> _Material for this exercise_:
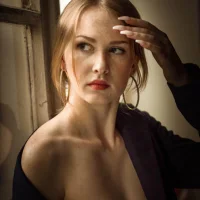 JoleneMoore's Profilna slika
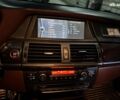 Чорний БМВ Х6, об'ємом двигуна 3 л та пробігом 202 тис. км за 34590 $, фото 27 на Automoto.ua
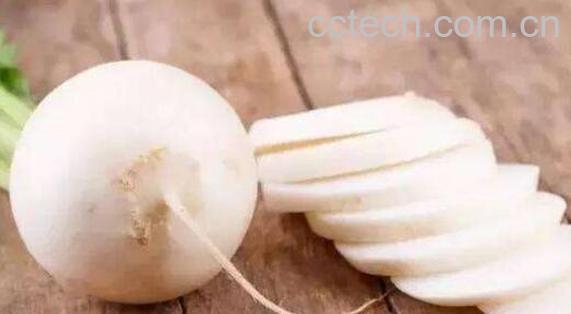 蔓菁根怎么做好吃-1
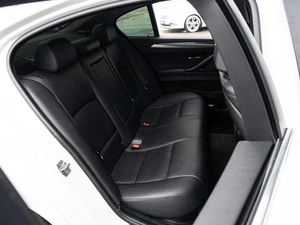 Седан BMW 5 серия 2014 года, 2225000 рублей, Краснодар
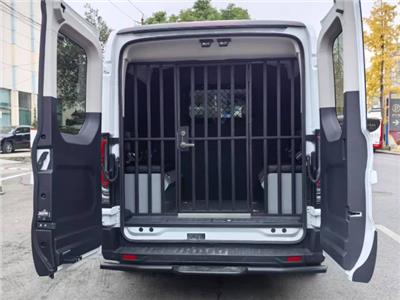 四川进口救护车维修 四川朕望贸易供应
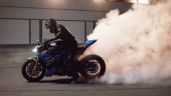 Foto ilustrativa de la nota titulada VIDEO: BMW Motorrad cuenta con nuevas motos superbike e hypernaked; ahora son más dinámicas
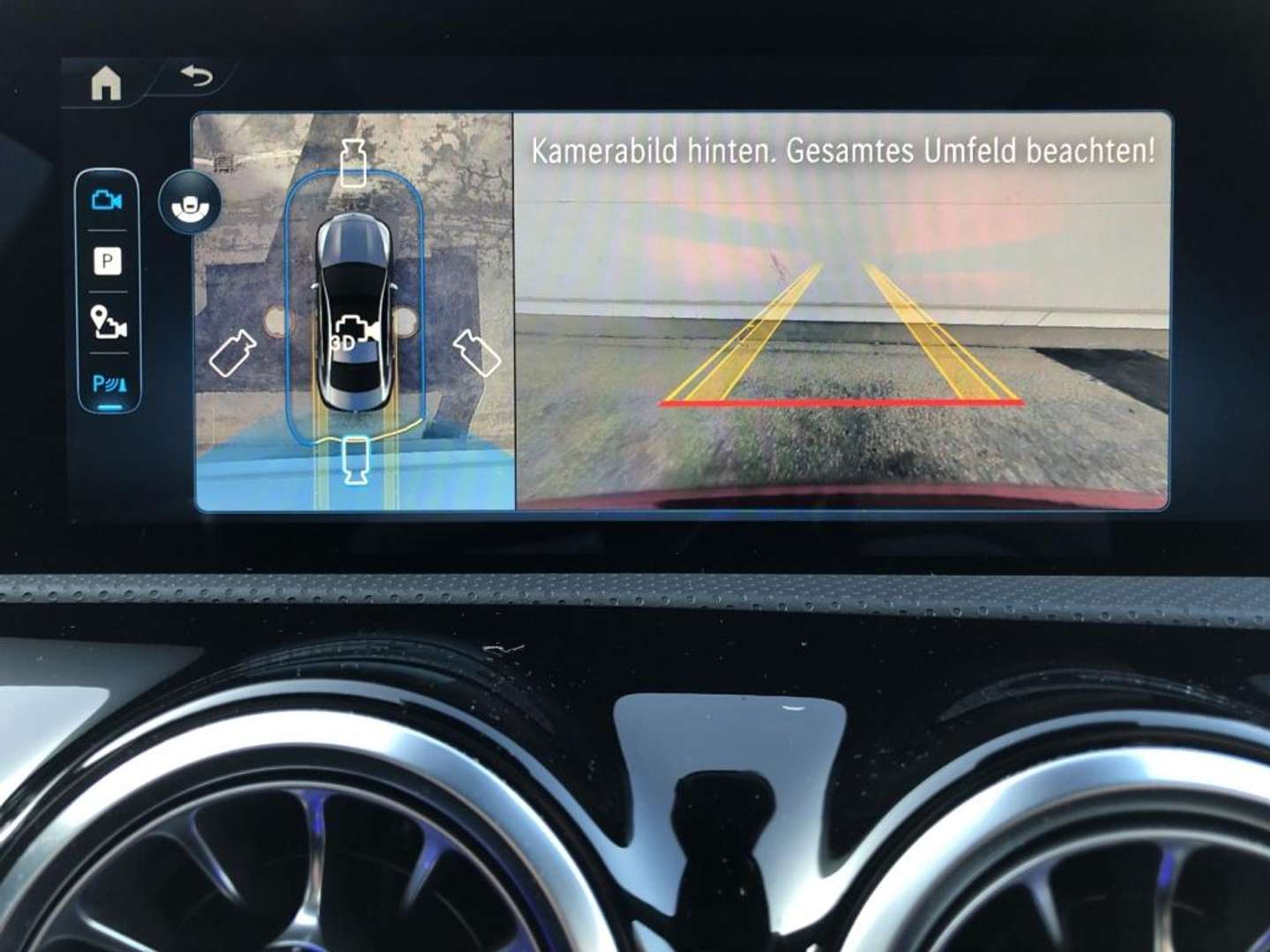 Mercedes CLA 220 Night Edition - 2025 - Joinsteer - #6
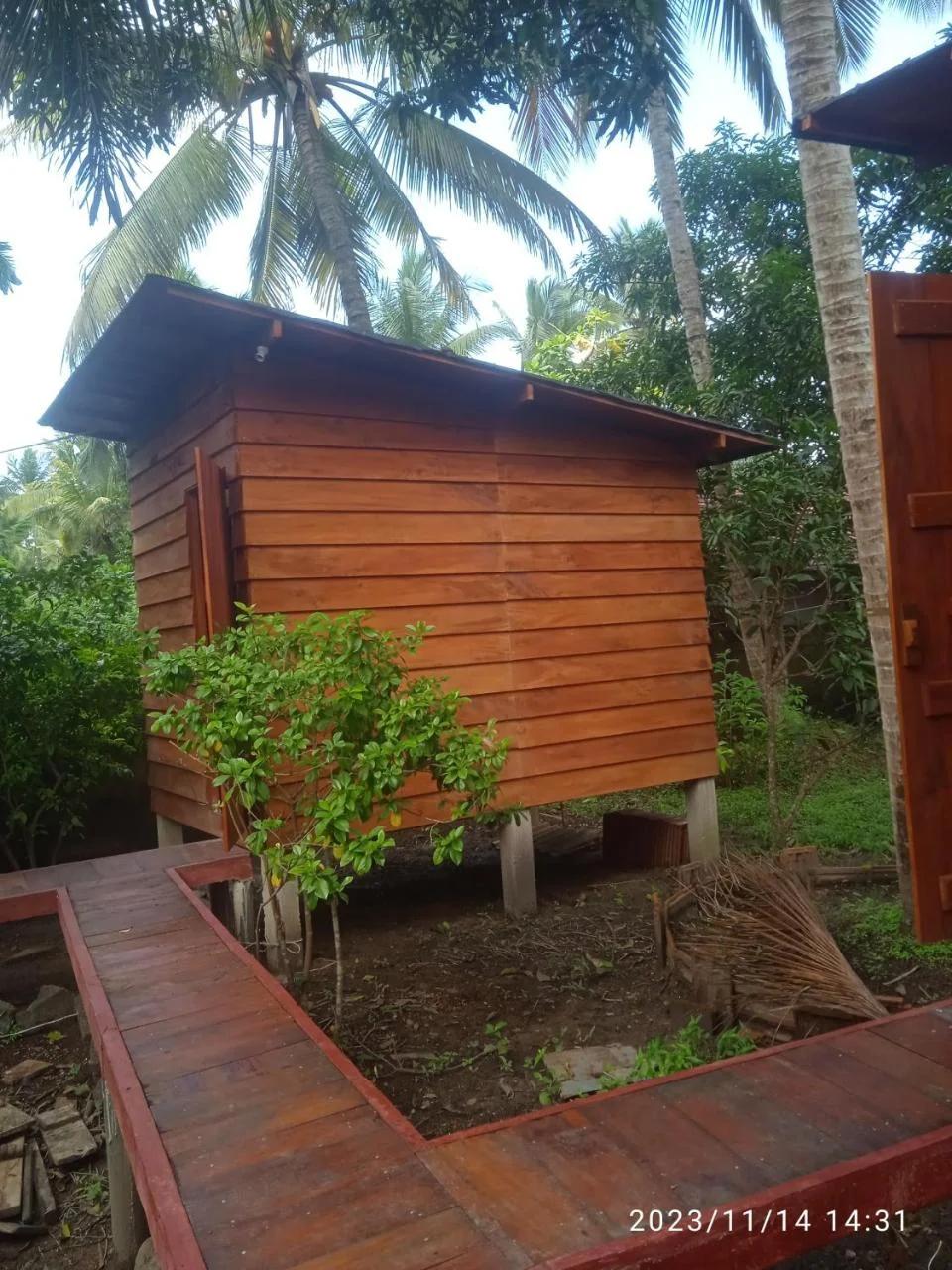 Coco Cabins by Thush foto
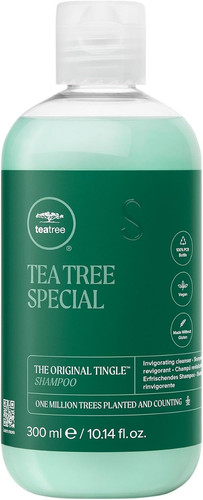 Paul mitchell tea - mitchell,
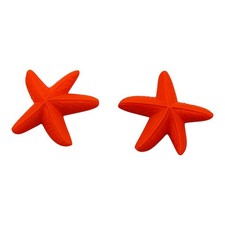 Playmobil lot 2 étoiles mer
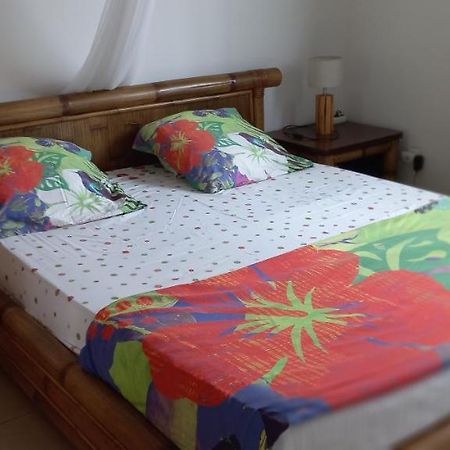 Esprit Caraibes Lejlighed Le Diamant Eksteriør billede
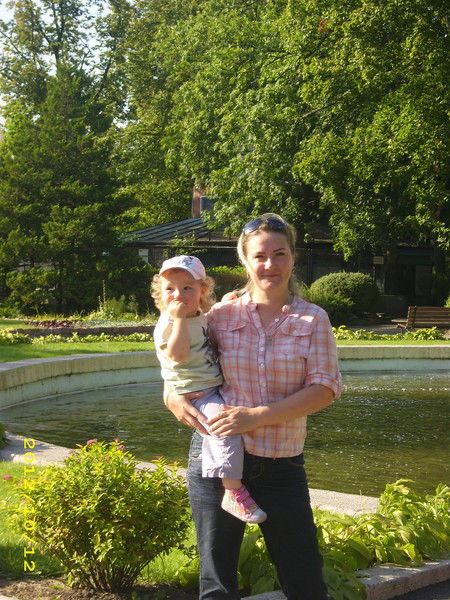 Татьяна Яковлева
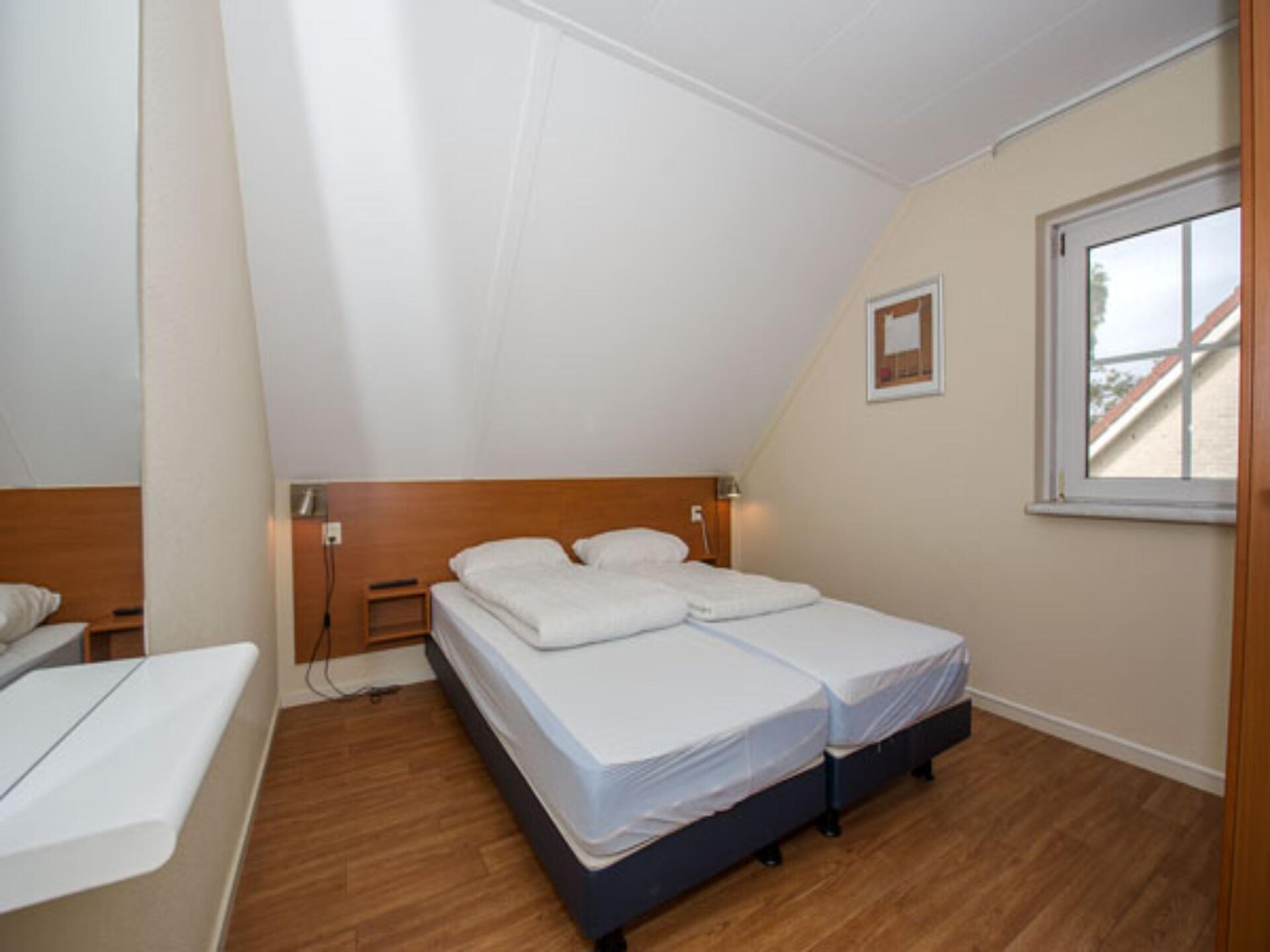 Vrijstaand vakantiehuis aan bosrand Vakantiepark Hellendoorn – 4 pers. - foto 5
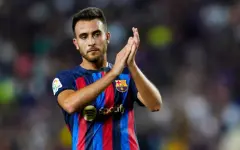 «Барселона» подписала контракт с Гарсией до 2031 года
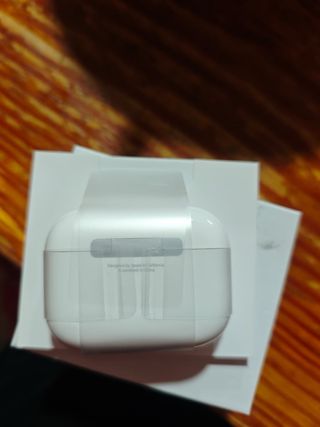 Airpods Pro 3 Blancos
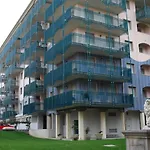 Appartement Delle Terme *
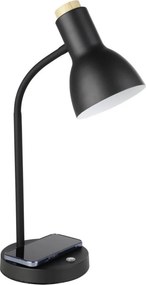 Eglo VERADAL-QI 900628 Asztali lámpa 1x5,5W/LED 3000K 720LM IP20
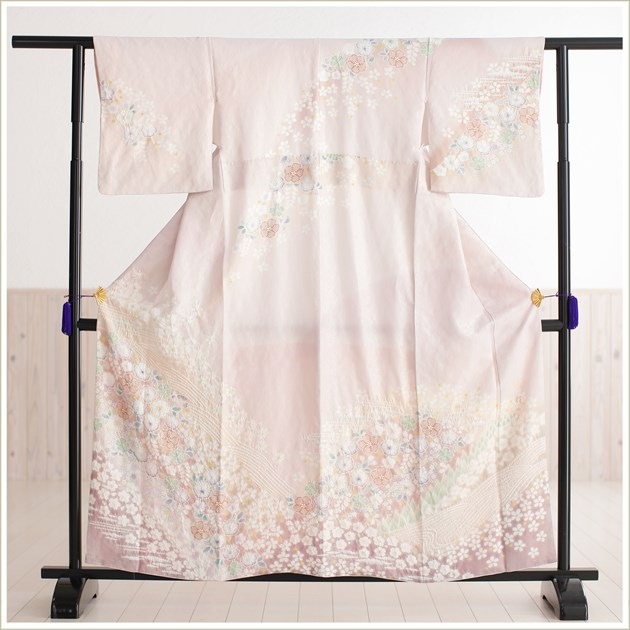 Ĺ ȡ륵 ͳ ˬ󥿥 hw1522t-2 ´ȼ  ʪ󥿥 ؼ 뺧 ޻ ե륻å ܻ ´༰  ޥ  kimono houmongi ͵ Ǽ  ֵȾ͹ʤԤ֡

> _Your instructions_:
Leave the pictures aside and print exactly, and only, the lines from the one with "Седан BMW 5" through the end of the data, both included.

> _Response to the task_:
 Седан BMW 5 серия 2014 года, 2225000 рублей, Краснодар
 四川进口救护车维修 四川朕望贸易供应
 Foto ilustrativa de la nota titulada VIDEO: BMW Motorrad cuenta con nuevas motos superbike e hypernaked; ahora son más dinámicas
 Mercedes CLA 220 Night Edition - 2025 - Joinsteer - #6
 Coco Cabins by Thush foto
 Paul mitchell tea - mitchell,
 Playmobil lot 2 étoiles mer
 Esprit Caraibes Lejlighed Le Diamant Eksteriør billede
 Татьяна Яковлева
 Vrijstaand vakantiehuis aan bosrand Vakantiepark Hellendoorn – 4 pers. - foto 5
 «Барселона» подписала контракт с Гарсией до 2031 года
 Airpods Pro 3 Blancos
 Appartement Delle Terme *
 Eglo VERADAL-QI 900628 Asztali lámpa 1x5,5W/LED 3000K 720LM IP20
 Ĺ ȡ륵 ͳ ˬ󥿥 hw1522t-2 ´ȼ  ʪ󥿥 ؼ 뺧 ޻ ե륻å ܻ ´༰  ޥ  kimono houmongi ͵ Ǽ  ֵȾ͹ʤԤ֡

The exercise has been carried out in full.